From a young age, we develop the ability to communicate what we see by drawing on paper with a pencil or crayon. In this way we learn to express a sequential, vector representation of an image as a short sequence of strokes. However, we do not understand the world as a grid of pixels, but rather develop abstract concepts to represent what we see.

My goal was to train machines to predict and generalize abstract concepts in a manner similar to humans. As a first step towards this goal, I trained a deep learning model on a dataset of hand-drawn sketches, each represented as strokes of a pen. This potentially has many applications, from assisting the creative process of an artist, to helping teach students how to draw.

Every time you draw a sketch, a machine learning algorithm tries to analyse it and match a list of categories. Try drawing multiple sketches to find out!

Research

In the last few years, deep learning has led to very good performance on a variety of problems, such as visual recognition, speech recognition and natural language processing. Among different types of deep neural networks, convolutional neural networks have been most extensively studied. Leveraging on the rapid growth in the amount of the annotated data and the great improvements in the strengths of graphics processor units, the research on convolutional neural networks has emerged swiftly and achieved state-of-the-art results on various tasks.

The convolutional layer aims to learn feature representations of the inputs. The convolution layer is composed of several convolution kernels which are used to compute different feature maps. Specifically, each neuron of a feature map is connected to a region of neighbouring neurons in the previous layer. Such a neighbourhood is referred to as the neuron’s receptive field in the previous layer.
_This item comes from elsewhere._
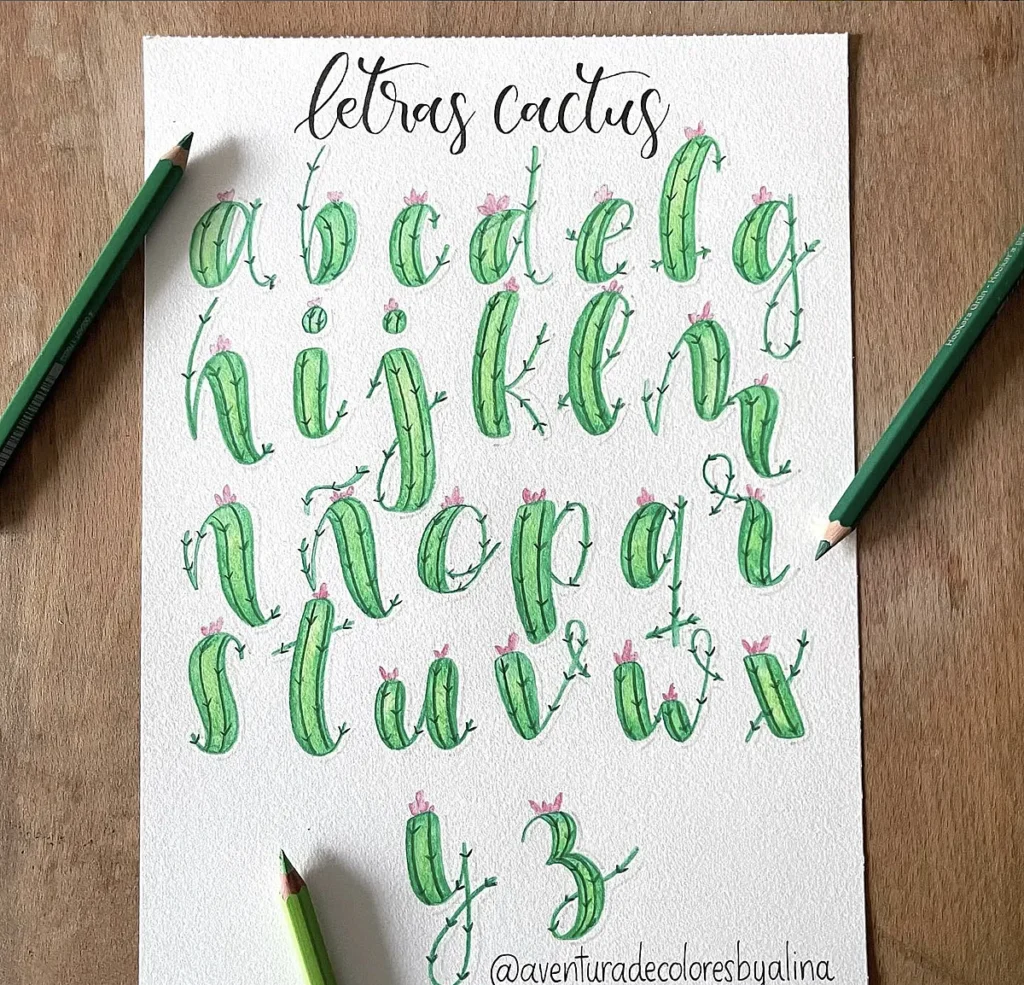 Alphabet letters styled like cacti with floral accents, surrounded by green colored pencils. Letras cactus at the top.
The new feature map can be obtained by first convolving the input with a learned kernel and then applying an element-wise nonlinear activation function on the convolved results.

CNN architecture of model

I used Quick Draw, a dataset of vector drawings obtained from Quick, Draw!, an online game where the players are asked to draw objects belonging to a particular object class in less than 20 seconds. Quick Draw consists of 375 classes of common objects. Each class of Quick Draw is a dataset of 70K training samples, in addition to 2.5K validation and 2.5K test samples.
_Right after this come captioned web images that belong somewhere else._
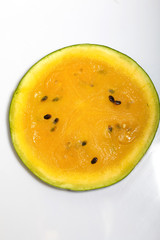 Slice of yellow watermelon on a white background.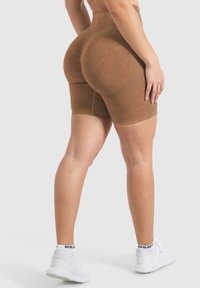 Pantaloni corti marroni a vita alta con una finitura liscia e texture, caratterizzati da un design che modella il corpo e una fascia elastica in vita, abbinati a sneakers bianche.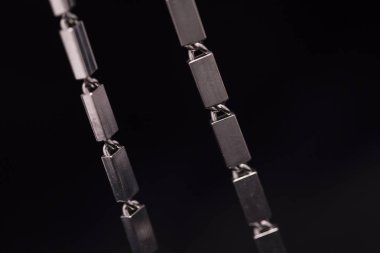 Karanlık bir arka plan üzerinde bir metal/gümüş kolye.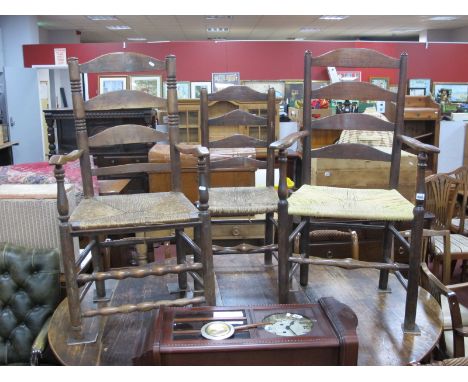 An Early XIX Century Ash and Elm Ladder Back Armchair, with shaped arms and rushed seat on turned round legs united by stretc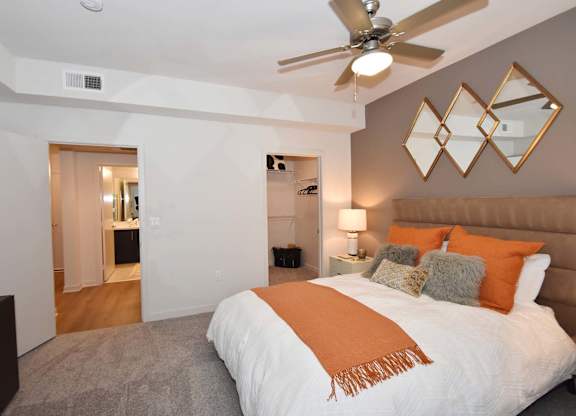Bedroom with ceiling fan and walk-in closet at Metropolis Apartments, IRVINE, CA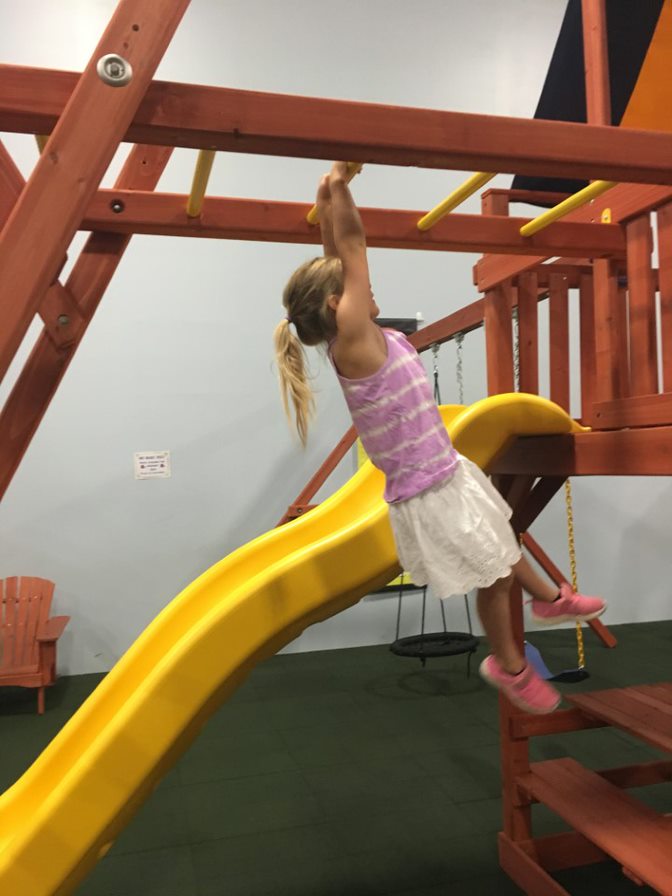 Child playing on monkey bars at Millz House Showroom in Apple Valley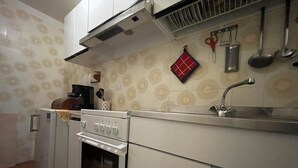 Eine Küche mit Herd, Backofen und Spüle. Ein rotes Tuch hängt an der Wand, und ein Set Küchenutensilien ist vorhanden.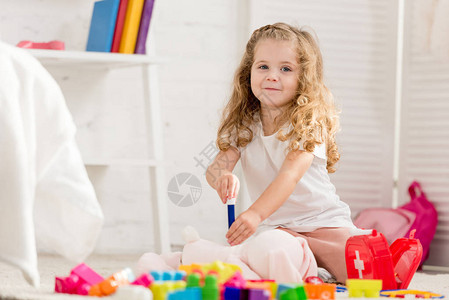 可爱的小孩检查兔子玩具在儿童室和看相机图片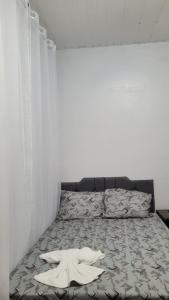a bed in a room with a white wall at Hotel Cristal in Barcarena +5 photos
My model is a simple CNN architecture with several convolutional layers and pooling layer along with relu activation function, categorical cross entropy loss function and adam optimizer.

Architecture

The Web App consists of two main components: UI consisting of canvas and CTA buttons and a module for using Tensorflow WEBGL backend for inference.

Web App architecture

The canvas takes in a sketch as an input, and outputs a (480, 480) size image. This image is then fed to a preprocessor function which rescales and resizes it into (28, 28) size tensor with values in range (0, 1). The model takes that tensor as input and outputs a list of probabilities of all 375 classes, from which the app displays the top 5 ones.

Future Scope

Training with a more powerful model : In future I’m planning to use MobileNets that are based on a streamlined architecture that uses depth-wise separable convolutions. These are used to build light weight deep neural networks for mobile and embedded vision applications.
Predicting Different Endings of Incomplete Sketches : It is also possible to finish an incomplete sketch by using the decoder RNN as a standalone model. I wish to add a feature that can generate a sketch that is conditioned on the previous points.